[Brief descriptive captions]
****************

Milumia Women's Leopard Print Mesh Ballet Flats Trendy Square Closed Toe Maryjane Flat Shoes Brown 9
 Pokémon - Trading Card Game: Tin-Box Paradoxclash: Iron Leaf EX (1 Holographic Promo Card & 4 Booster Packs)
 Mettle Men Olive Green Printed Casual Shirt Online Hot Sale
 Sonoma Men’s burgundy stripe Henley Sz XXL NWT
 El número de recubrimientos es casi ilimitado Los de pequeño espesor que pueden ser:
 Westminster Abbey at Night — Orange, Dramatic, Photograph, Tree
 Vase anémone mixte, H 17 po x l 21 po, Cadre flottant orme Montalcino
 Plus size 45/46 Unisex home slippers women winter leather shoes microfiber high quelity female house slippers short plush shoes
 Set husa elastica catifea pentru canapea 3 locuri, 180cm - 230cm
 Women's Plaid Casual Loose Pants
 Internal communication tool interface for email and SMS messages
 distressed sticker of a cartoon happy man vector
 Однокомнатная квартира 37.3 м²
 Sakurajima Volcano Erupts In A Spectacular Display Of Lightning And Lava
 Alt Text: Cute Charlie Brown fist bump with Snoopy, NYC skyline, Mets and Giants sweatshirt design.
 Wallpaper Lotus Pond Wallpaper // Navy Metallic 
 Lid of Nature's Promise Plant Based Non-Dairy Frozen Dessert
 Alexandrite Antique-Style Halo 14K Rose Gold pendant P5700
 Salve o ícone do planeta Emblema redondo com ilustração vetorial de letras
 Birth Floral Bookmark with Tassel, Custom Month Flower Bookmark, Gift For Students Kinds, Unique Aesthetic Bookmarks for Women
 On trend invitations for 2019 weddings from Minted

****************

How many lines of the entries contain the string "Casual"? Answer with a number and no other words.

[Answer section] 2